Congratulations on the 60-year-old !: The bizarre beginnings of the sports show


Congratulations on the 60 year old!
The bizarre beginnings of the sports show

It was a premiere with almost complete exclusion of the television public: When the ARD sports show first went on air on June 4, 1961, the TV monopoly at the time hid the new product on ARD 2. A niche channel. Incredible actually.

There is no time for a celebration. When the most important and most successful sports broadcast in the republic turns 60 today, the “Sportschau” team is in the final sprint of preparation for the European Football Championship. And on Saturday there is also no edition of the ARD classic. Because the Bundesliga is paused – the heart of the “Sportschau”.

Without the Bundesliga, the show would not have become such a TV legend. The league did not even exist when the “Sportschau” was broadcast for the first time on June 4, 1961 – a Sunday. Short films in black and white about handball, rowing, cycling and sand track riding, broadcast on Sunday evening at 9.45 p.m. – that was all for now. Broadcast on ARD 2. A niche channel that only ten percent of those interested in sports could receive at the time and whose frequencies fell to ZDF almost two years later.

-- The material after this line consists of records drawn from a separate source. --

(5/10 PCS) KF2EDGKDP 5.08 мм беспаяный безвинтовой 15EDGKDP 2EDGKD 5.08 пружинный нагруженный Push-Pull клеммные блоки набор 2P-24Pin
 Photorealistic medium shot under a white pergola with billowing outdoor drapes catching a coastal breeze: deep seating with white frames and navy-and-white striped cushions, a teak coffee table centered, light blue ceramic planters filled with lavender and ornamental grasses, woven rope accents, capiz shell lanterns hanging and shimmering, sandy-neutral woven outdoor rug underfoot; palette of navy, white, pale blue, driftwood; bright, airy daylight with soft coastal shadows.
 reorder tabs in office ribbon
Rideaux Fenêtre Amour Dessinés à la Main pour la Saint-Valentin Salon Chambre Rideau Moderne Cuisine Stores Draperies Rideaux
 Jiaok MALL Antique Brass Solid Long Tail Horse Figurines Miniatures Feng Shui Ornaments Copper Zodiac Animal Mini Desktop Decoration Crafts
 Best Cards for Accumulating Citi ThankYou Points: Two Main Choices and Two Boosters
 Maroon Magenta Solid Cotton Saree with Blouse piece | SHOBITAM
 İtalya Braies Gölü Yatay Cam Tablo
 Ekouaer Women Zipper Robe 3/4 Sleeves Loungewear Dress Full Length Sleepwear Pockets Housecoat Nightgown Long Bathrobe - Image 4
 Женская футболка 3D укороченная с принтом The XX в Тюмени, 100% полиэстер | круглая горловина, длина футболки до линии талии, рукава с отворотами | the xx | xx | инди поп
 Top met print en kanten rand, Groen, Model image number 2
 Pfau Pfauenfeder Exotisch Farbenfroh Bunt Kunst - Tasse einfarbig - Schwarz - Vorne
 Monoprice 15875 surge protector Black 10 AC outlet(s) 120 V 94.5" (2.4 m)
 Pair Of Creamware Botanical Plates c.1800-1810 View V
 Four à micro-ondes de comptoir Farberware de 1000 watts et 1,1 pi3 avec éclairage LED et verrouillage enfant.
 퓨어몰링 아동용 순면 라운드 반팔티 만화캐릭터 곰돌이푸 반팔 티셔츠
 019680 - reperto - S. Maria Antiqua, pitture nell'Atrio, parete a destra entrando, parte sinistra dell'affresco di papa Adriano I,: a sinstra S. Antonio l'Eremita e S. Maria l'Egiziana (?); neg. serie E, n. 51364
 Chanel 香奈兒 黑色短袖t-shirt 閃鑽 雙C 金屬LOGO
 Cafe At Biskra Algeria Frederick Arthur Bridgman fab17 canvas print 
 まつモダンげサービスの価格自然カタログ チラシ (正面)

Football appeared for the first time after eight broadcasts, with the game Tasmania Berlin against Altona 93. It was not until 1965 that the German Football Association allowed moving images from the Bundesliga, when the league was already two years old. “The Sportschau was only allowed to show three games at the time, because the DFB took the erroneous view that if more football was shown, fewer people would go to the stadium. The opposite turned out to be correct,” says the long-time WDR sports director and “Sportschau” presenter Heribert Fassbender.

“The heroes of that time”

The way of working in the first years of the sports show seems adventurous today in the digital age. “At half-time, a motorcyclist picked up the first film rolls to take them to the Kopierwerk in Cologne. The second sometimes risked head and neck after the game. Those were the heroes of the time,” says Fassbender.

It was the time of moderators like Ernst Huberty and Addi Furler, and later of Faßbender (“‘n Abend everyone”). They became television stars like Peter Frankenfeld and Hans Rosenthal. Up to 15 million people watched the “Sportschau” – “without the viewers in the GDR that have not yet been recorded by the audience research,” says Fassbender. “It was sports show time on Saturdays between 6 p.m. and 7 p.m. at that time. You weren’t even allowed to call your aunt,” he says with a smile.

Every football fan over the decades has his own connection with the “Sportschau”. “I can really remember my childhood, even when I was younger than ten, when I sat at home with my father and watched the” sports show “,” said Jessy Wellmer (41) shortly before her first moderation of the Saturday edition four years ago . She described the program as “the country’s cultural heritage”.

The importance of the Bundesliga for the “Sportschau” was particularly evident in its worst crisis. “The private broadcasters drove up the rights costs enormously and secured the rights to the top German soccer class,” Faßbender remembers. In the time of RTL from 1988 the “Sportschau” could still show pictures from the Bundesliga. The private broadcaster had the first area code. “But for some time we still had higher ratings than the show” Anpfiff “, which lasted up to three hours and for which the final whistle was again after four years for cost reasons,” says Fassbender.

“Still a family event”

When Sat.1 then summarized the Bundesliga on “ran”, the “Sportschau” had to get by temporarily without moving Bundesliga images. The audience ratings dropped drastically because viewers were only offered photos of Bundesliga results read aloud. In 2003 the “Sportschau” celebrated a comeback thanks to the return of the Bundesliga reports, and the TV myth came to life again.

“It’s still a family event,” says Steffen Simon. The current director of the show, previously under contract in private television, asked the rhetorical question: “Can you get children to linear television? Yes, with the” Sportschau “. We survived the i-phone, which is perhaps the greatest achievement. “

On average, 4.789 million people watched in the past season. Only a few live broadcasts attract more sports enthusiasts to the screen. Thanks to the TV rights acquired in the previous year, the “Sportschau” can lure an audience of millions in front of the screen on Saturday afternoon for at least four more years.

And thanks to further rights, there will be further offshoots from the summer – in addition to the Sunday edition in the first. On Fridays from 10:30 p.m. on the ARD special-interest channel One, summaries of the 2nd Bundesliga will be available under the name of the sports classic, and highlight clips on the Internet at “sportschau.de” and in the app on Mondays from midnight.